Here is our problem:
We are using several dedicated storage servers to host our virtual machines. Before I continue, here are the specs:
- Dedicated Server Machine
- Areca 1280ml RAID controller, Firmware 1.49
- 12x Samsung 1TB HDDs
We configured one RAID6-set with 10 discs that contains one logical volume. We have two hot spares in the system.
Today one HDD failed. This happens from time to time, so we replaced it. Upon rebuilding a second disc failed. Normally this is no fun. We stopped heavy IO-operations to ensure a stable RAID rebuild.
Sadly the hot-spare disc failed while rebuilding and the whole thing stopped.

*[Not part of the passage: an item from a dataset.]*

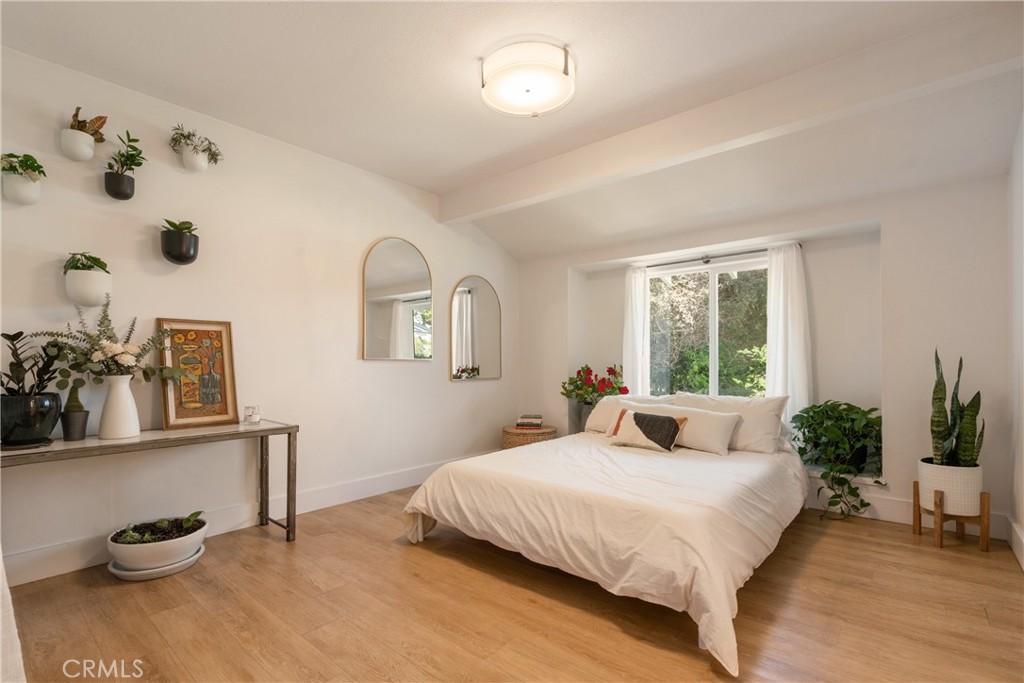 2798 Francis Lane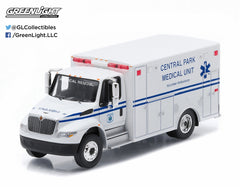 1/64 Diecast Central Park Medical Unit Vol 2013 International Durastar Ambulance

Now we have the following situation:
- The controller says that the raid set is rebuilding
- The controller says that the volume failed
It is a RAID 6 system and two discs failed, so the data has to be intact, but we cannot bring the volume online again to access the data.

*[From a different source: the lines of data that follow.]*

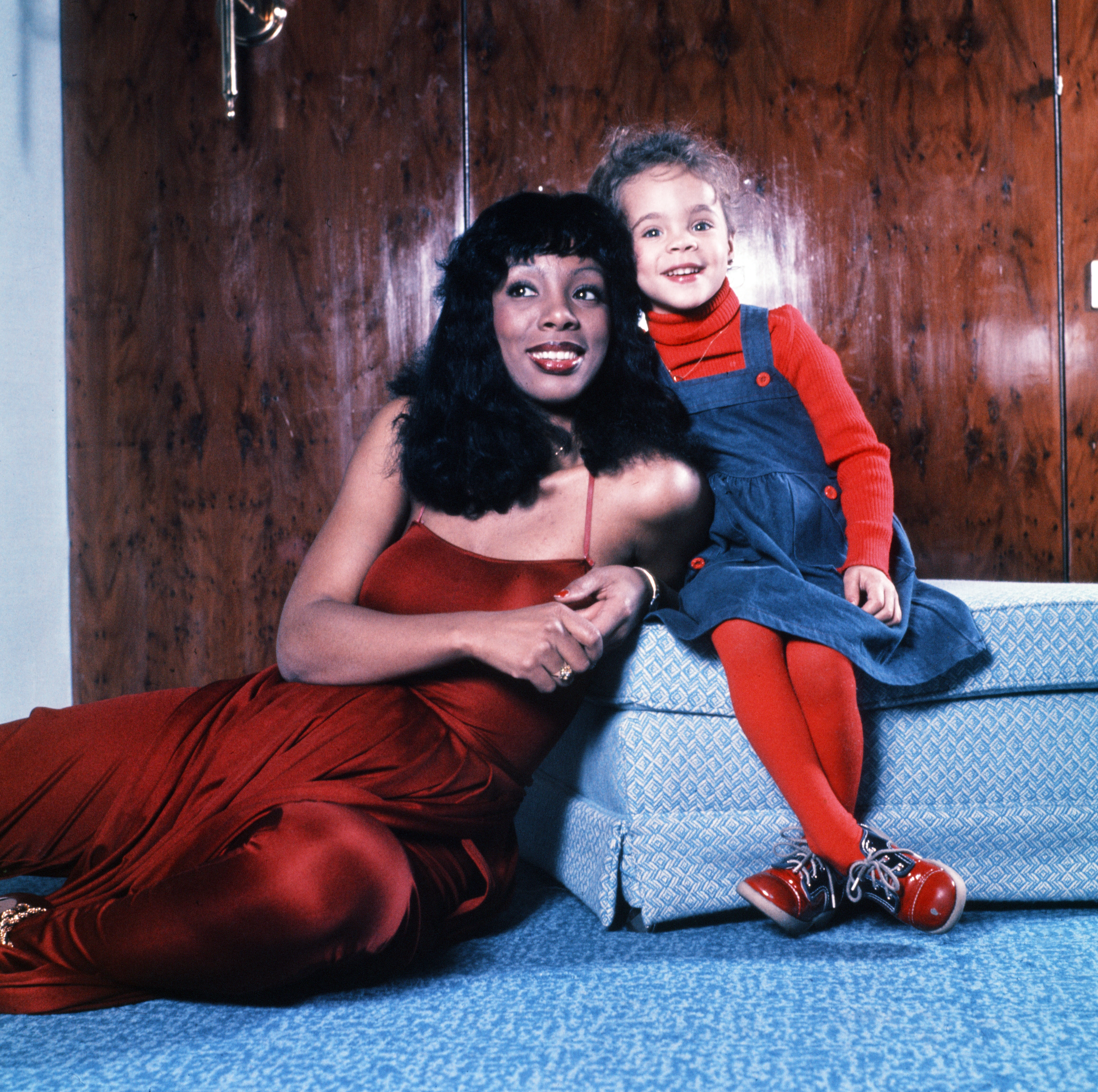 Donna Summer con Mimi Sudano en 1977. | Fuente: Getty Images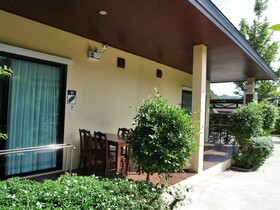 Aonang Oscar Pool Villas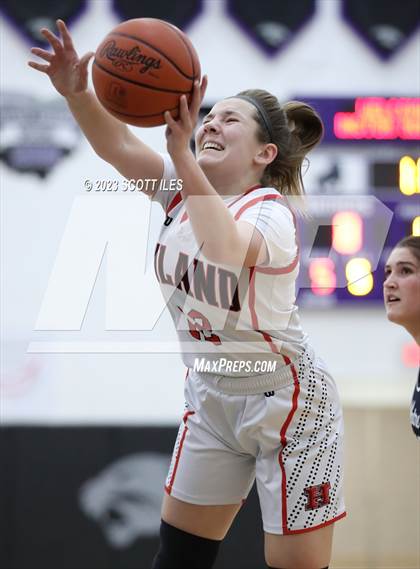 Thumbnail 3 in Notre Dame vs Hiland (OHSAA D4 Regional Final) photogallery.
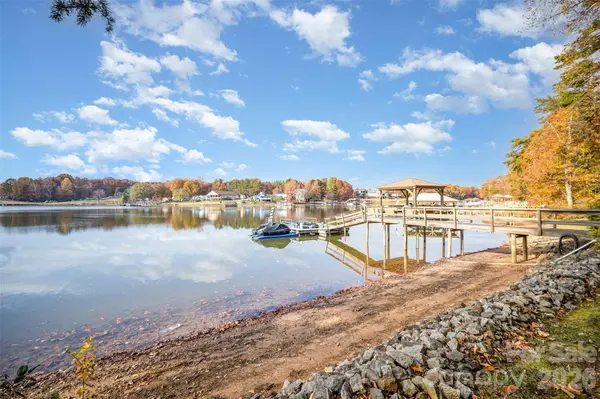 6782 Barefoot Cove CT, Denver, NC 28037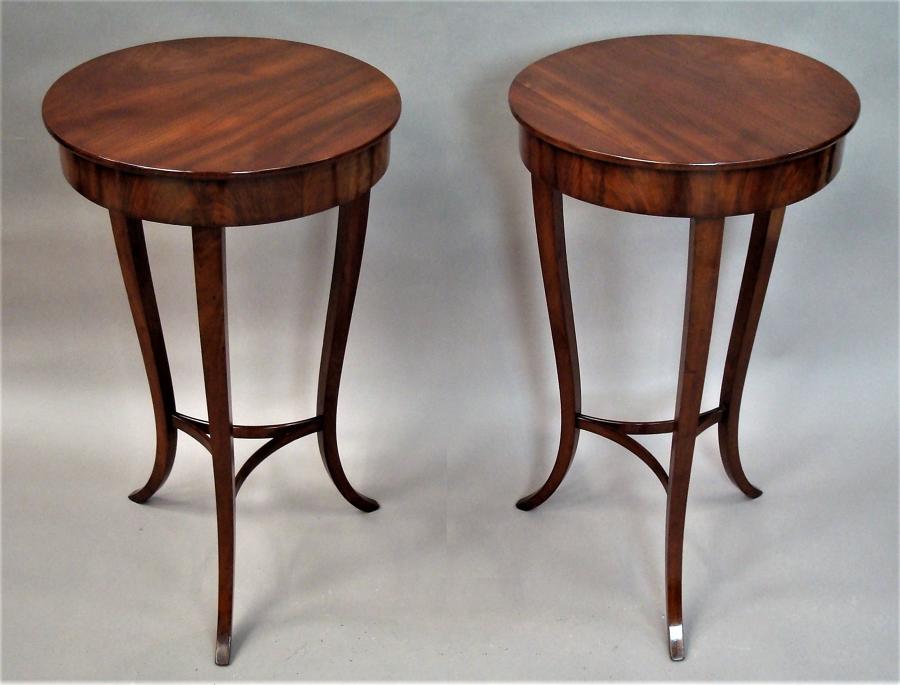 C19th pair of mahogany end tables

While searching we found the following leads. I don't know whether they are good or bad:
Mirroring all the discs to a second set of drives. So we would have the possibility to try different things without loosing more than we already have.
Trying to rebuild the array in R-Studio. But we have no real experience with the software.

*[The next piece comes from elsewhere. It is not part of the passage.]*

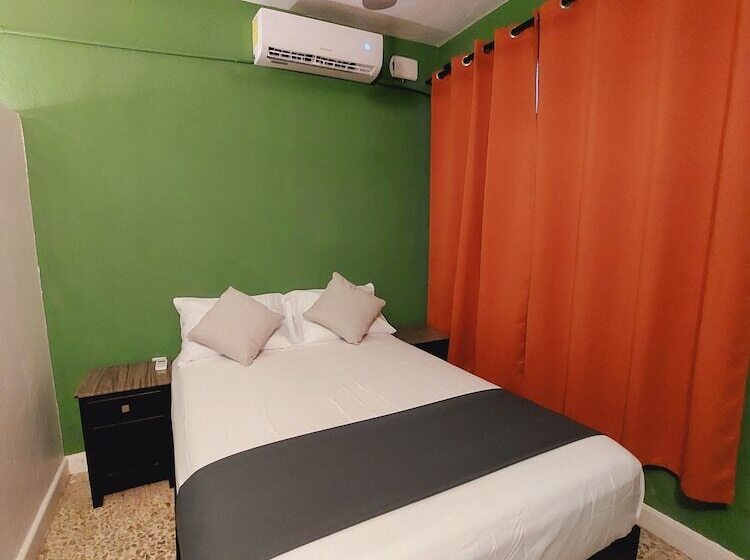 בית מלון כפרי Casa De Huéspedes Juanita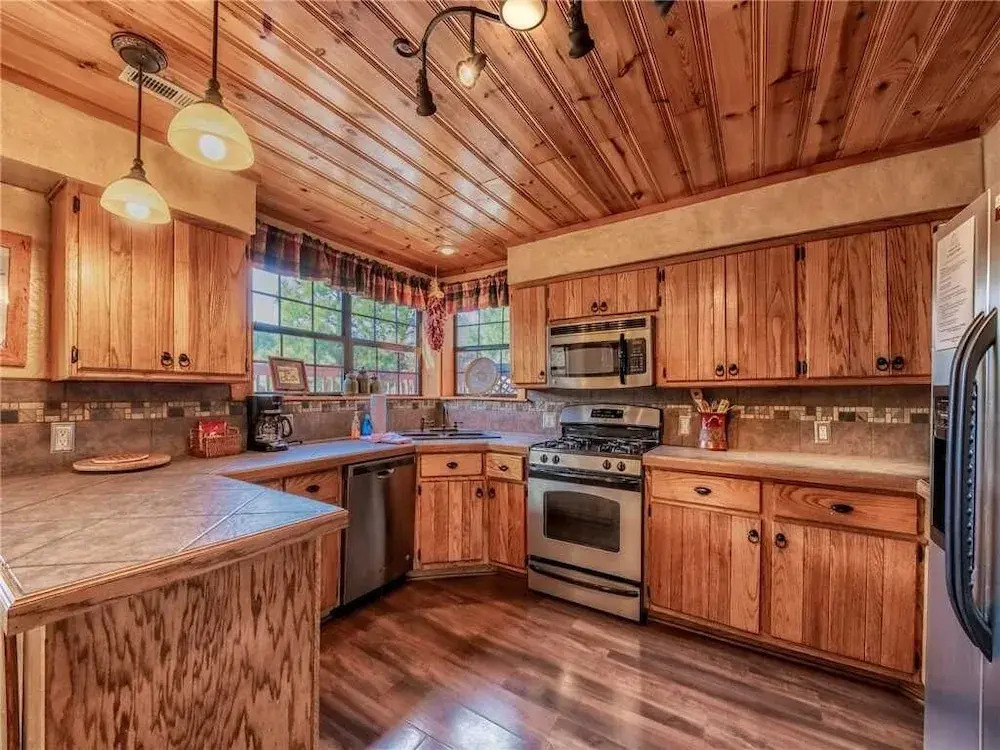 La Posada de Ponder - Four Bedroom Cabin with Hot Tub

Pulling all drives, rebooting the system, changing into the areca controller bios, reinserting the HDDs one-by-one. Some people are saying that the brought the system online by this. Some are saying that the effect is zero. Some say, that they blew the whole thing.
Using undocumented areca commands like "rescue" or "LeVel2ReScUe".
Contacting a computer forensics service. But whoa... primary estimates by phone exceeded 20.000€. That's why we would kindly ask for help. Maybe we are missing the obvious?
And yes of course, we have backups. But some systems lost one week of data, thats why we'd like to get the system up and running again.
Any help, suggestions and questions are more than welcome.